Since LearnDataSci's inception almost a decade ago, I've worked with many talented writers and editors from varied technical backgrounds to help them create exceptional data science content.
I'm passionate about the science of learning, and I focus on implementing effective learning strategies and memory techniques in LDS's articles. My writing and editing emphasize clarity, step-by-step thought processes, and practical examples to make complex concepts accessible.
In addition to directing the content strategy, I evaluate roughly 50 new data science, ML, and AI courses each year. Since 2015, I've reviewed over 500 courses, dozens of books, and several bootcamps to help readers navigate the online learning landscape.
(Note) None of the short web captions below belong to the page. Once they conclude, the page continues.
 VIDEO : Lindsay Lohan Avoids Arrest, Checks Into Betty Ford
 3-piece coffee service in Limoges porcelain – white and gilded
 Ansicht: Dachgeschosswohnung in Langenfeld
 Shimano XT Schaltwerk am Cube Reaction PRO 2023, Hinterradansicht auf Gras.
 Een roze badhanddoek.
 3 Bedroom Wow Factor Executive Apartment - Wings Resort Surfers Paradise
Based on my recommendations, tens of thousands of readers have enrolled in courses through LearnDataSci.
Most of my expertise is in software and the engineering side of data science, ML, and AI, where I focus on Natural Language Processing, data engineering, and information retrieval.
I hold a Bachelor's degree in Mathematics from Framingham State University, with a minor in Computer Science and Chinese. As I've enrolled in many online courses I've reviewed for LDS, I've accrued many skills in data science, ML, and AI.
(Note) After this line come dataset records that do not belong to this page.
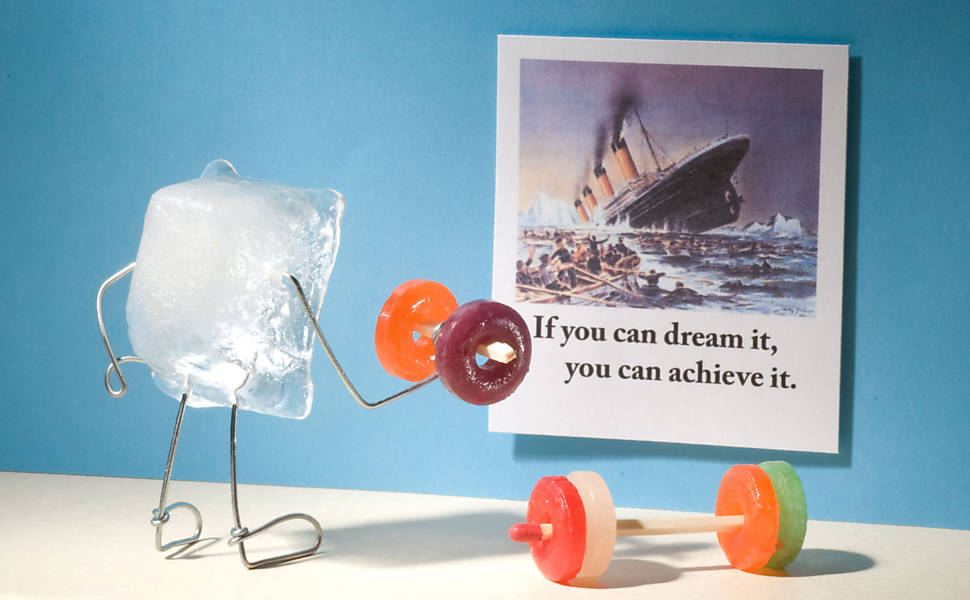 O artista americano Terry Border criou uma série de imagens cômicas em que imagina objetos do cotidiano em situações inusitadas. Na imagem, que se chama "Sonhos de um cubo de gelo", uma pedra de gelo fisiculturista sonha com a força do iceberg que atingiu o navio Titanic Leia Mais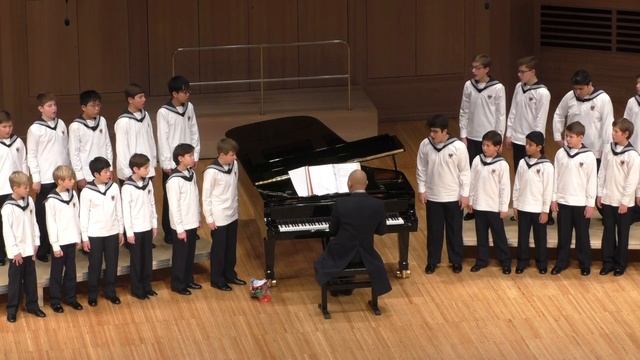 BENJAMIN BRITTEN 'A Ceremony of Carols Op. 28 Balulalow Венский хор мальчиков (Австрия) смотреть онлайн
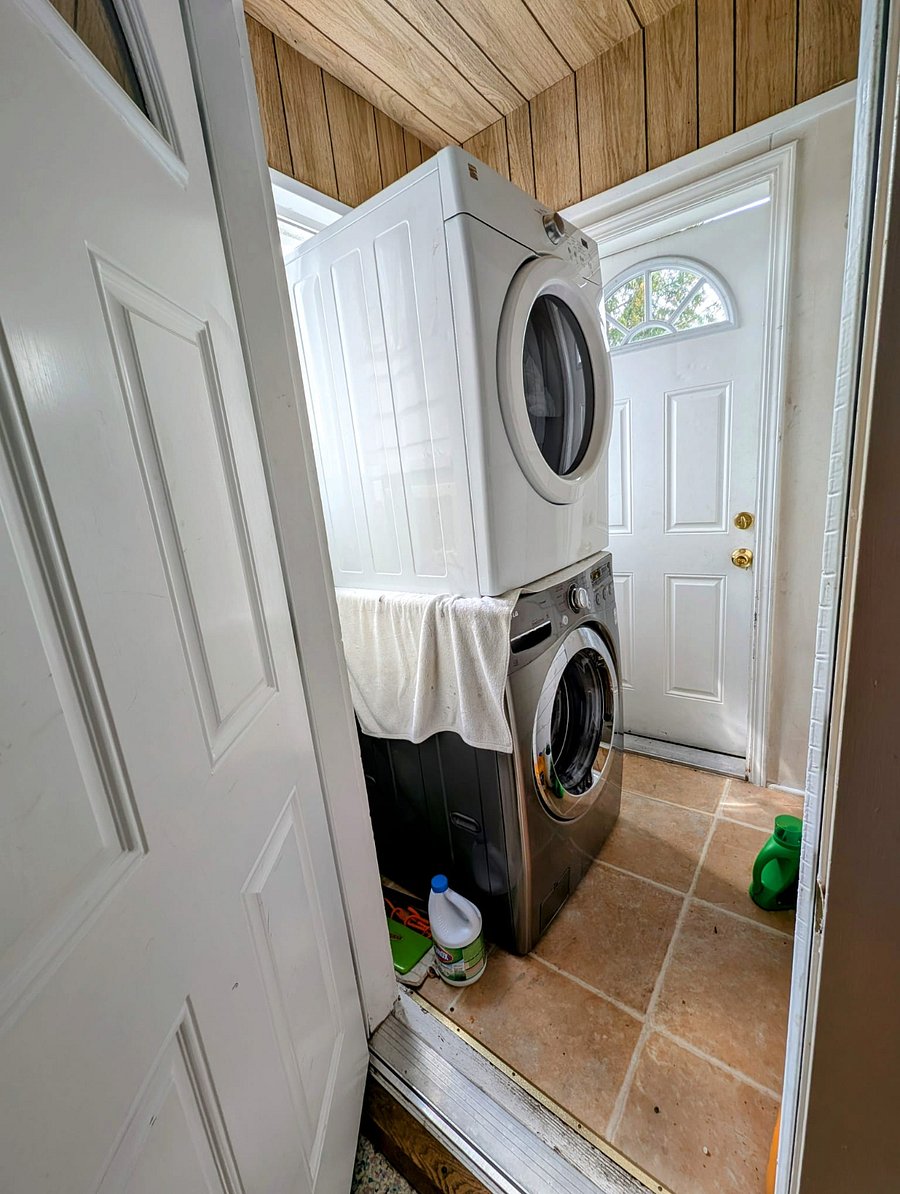 Furnished Finder property 808759_1 photo 10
I'm usually working on a software or data science side project. Here are a few past and present examples:
I utilized Twitter and Reddit data collected via Python APIs (before the API changes) and stored in Postgres on AWS. I implemented custom social media language tokenization, lemmatization, and spam/bot filtering on the training data and fed it to various models. The best predictive performance came from ensemble models, validated with a train/test split.
Cardinal is a multi-language dictionary and language learning app. I built a Golang backend to retrieve any of the 20 million word definitions and usages in under 10ms. To achieve this efficiency, I minimized roundtrips with stored procedures in Postgres and highly optimized search queries. I implemented a custom text similarity score in PL/pgSQL, but I have plans for future improvements using newer retrieval techniques.
LearnDataSci is supported by software I built with Python and serverless Google Cloud products (Functions, Tasks, Storage). Thousands of courses and programs are collected and stored in raw form, transformed and normalized, and then loaded into Cloud SQL. The public-facing app, under construction, will help learners build curriculums, find suitable courses, and connect with others.